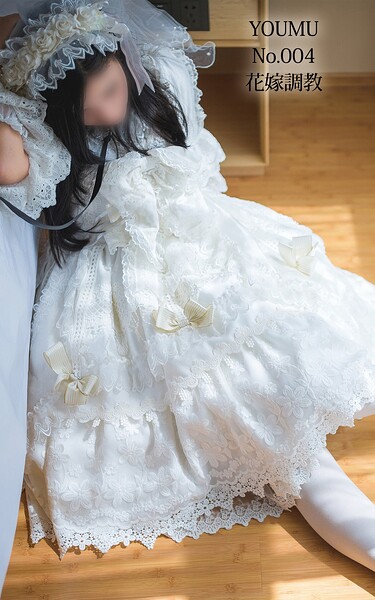 【写真集】YOUMU No.004 花嫁調教｜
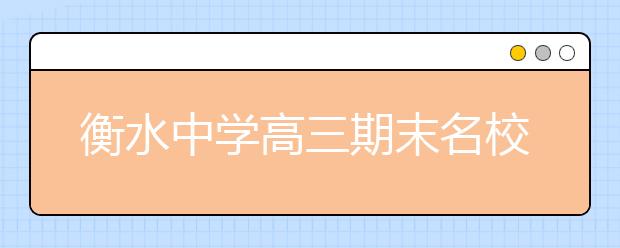 衡水中学高三期末名校精品历史试卷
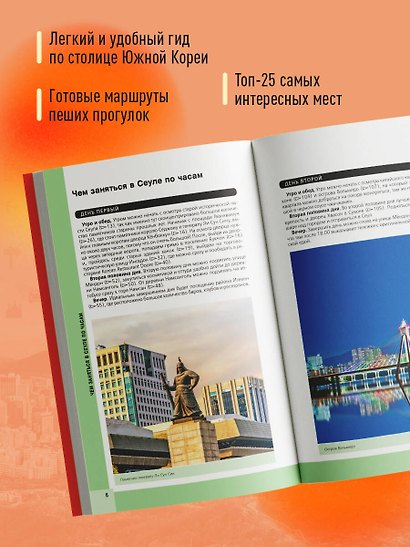Сеул и окрестности - фото 5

========================================

### What you need to do
Word for word, reproduce the listing above; no image should be carried over.

### Finished task
 【写真集】YOUMU No.004 花嫁調教｜
 衡水中学高三期末名校精品历史试卷
Сеул и окрестности - фото 5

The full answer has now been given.